Les juges sont allés jusqu’à affirmer que Tariq Ramadan avait un passeport égyptien et qu’il y avait donc un risque de fuite en Égypte. Tariq Ramadan n’a jamais eu de passeport égyptien et il est, de plus, considéré par le pouvoir du Caire comme l’un de ses plus dangereux critiques à l’étranger. Il y risque l’emprisonnement à vie, voire la peine de mort. Ces informations sont accessibles à tous. Comment les juges pouvaient-ils les ignorer et propager de telles contre-vérités ?

Enfin, l’un des droits les plus fondamentaux inscrits dans les règlements des prisons, tel que celui de pouvoir rencontrer sa famille dans une cellule des Unités de Vie Familiale (UVF), a été refusé à Tariq Ramadan par les juges d’instruction sans qu’aucune justification ne soit donnée.

2. Une étrange façon de mener les investigations

Le nom de Caroline Fourest apparaît très vite dans ce dossier.
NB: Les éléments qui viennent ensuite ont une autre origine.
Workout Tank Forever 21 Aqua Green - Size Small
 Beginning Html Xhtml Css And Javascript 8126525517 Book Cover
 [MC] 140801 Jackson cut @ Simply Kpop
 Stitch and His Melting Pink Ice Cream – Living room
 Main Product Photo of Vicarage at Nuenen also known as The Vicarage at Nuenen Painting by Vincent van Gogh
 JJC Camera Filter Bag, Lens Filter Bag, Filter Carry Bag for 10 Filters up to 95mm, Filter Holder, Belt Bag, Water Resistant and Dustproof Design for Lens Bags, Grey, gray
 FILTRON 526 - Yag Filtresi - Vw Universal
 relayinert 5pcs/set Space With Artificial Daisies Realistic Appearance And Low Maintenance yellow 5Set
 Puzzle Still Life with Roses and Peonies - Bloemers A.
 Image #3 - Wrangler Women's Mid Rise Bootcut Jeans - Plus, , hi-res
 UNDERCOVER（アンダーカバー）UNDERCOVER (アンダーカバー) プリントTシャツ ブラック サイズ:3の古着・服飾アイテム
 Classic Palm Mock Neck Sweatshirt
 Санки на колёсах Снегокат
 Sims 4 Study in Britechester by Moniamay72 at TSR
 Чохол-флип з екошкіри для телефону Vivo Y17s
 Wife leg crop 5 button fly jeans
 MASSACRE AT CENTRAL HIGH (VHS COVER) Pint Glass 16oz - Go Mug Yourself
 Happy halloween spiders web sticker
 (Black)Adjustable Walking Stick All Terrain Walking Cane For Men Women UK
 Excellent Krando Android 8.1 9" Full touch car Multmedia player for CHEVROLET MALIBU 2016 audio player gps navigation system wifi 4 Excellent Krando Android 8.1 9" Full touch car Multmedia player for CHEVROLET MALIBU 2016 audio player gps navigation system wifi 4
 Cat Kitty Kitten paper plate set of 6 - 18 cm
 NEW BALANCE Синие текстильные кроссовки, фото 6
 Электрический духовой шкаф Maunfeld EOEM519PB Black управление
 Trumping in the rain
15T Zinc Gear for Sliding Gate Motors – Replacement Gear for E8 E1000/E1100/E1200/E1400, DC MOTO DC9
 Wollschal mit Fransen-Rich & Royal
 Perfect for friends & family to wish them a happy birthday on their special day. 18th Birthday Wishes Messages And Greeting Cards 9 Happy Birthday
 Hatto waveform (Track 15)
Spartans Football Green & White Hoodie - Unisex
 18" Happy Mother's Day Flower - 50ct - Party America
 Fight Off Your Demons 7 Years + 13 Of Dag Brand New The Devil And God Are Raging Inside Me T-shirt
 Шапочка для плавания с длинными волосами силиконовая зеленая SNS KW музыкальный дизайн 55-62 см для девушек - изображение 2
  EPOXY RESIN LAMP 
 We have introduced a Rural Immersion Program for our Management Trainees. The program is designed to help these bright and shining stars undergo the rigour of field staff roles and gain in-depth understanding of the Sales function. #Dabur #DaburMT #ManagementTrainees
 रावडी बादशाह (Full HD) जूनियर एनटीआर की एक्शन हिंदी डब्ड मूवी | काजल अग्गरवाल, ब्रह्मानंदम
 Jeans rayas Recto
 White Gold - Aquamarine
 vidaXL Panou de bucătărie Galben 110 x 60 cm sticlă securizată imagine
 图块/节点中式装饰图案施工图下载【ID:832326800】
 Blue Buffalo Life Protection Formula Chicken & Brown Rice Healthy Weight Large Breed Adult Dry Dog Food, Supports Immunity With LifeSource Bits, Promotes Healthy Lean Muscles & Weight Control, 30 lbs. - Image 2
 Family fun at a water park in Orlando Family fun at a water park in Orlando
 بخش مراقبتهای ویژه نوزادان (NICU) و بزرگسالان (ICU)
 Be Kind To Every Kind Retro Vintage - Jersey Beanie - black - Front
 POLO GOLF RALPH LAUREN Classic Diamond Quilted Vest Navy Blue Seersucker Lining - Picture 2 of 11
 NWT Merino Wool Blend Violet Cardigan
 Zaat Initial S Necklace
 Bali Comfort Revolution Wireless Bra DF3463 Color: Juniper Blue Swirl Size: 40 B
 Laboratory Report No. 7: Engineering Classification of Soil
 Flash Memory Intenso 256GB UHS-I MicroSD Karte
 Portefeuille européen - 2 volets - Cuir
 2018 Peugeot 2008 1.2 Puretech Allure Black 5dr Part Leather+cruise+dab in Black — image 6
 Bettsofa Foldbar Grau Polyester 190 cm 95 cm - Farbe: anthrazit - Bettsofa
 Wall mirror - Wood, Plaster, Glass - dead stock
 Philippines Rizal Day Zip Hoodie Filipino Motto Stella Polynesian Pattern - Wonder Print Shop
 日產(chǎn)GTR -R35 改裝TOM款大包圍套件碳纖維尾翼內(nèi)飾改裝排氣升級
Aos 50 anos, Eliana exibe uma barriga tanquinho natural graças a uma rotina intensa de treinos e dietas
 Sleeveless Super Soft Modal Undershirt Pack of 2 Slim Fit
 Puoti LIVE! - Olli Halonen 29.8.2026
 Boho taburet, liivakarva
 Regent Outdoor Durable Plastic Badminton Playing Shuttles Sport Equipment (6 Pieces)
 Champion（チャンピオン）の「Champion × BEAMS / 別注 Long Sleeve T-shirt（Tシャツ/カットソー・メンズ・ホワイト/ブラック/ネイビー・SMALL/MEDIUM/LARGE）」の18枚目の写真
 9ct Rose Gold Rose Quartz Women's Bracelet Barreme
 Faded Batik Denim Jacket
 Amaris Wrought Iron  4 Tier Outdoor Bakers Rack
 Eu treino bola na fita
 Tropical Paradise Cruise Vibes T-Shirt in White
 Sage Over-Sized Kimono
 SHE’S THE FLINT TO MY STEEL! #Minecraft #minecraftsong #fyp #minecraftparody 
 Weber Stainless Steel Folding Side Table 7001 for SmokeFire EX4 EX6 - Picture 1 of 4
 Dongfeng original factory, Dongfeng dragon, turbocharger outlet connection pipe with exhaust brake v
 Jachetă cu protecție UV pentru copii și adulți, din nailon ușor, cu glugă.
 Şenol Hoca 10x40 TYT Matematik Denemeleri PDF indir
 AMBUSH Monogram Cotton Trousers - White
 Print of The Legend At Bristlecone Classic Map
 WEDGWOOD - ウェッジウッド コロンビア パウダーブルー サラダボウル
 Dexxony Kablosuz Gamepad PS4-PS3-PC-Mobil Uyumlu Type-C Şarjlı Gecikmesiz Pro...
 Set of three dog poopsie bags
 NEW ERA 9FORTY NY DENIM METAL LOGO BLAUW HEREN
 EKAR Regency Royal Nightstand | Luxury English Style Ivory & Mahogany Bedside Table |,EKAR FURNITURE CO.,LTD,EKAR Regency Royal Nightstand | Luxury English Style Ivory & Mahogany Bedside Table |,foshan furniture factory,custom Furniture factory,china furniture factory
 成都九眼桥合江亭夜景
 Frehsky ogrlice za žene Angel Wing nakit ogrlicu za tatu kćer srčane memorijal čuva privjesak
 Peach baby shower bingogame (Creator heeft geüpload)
Les premières investigations révèlent qu’elle échange 156 et 116 messages ou appels avec les deux premières plaignantes, respectivement Henda Ayari et « Christelle ». Ces messages sont échangés entre mai et novembre 2017, soit 6 mois avant les plaintes. Les juges ne questionneront jamais Caroline Fourest à ce sujet et ignoreront la requête de Me Emmanuel Marsigny, avocat de Tariq Ramadan, demandant à recevoir les fadettes, avec l’historique et le détail de ces corrélations.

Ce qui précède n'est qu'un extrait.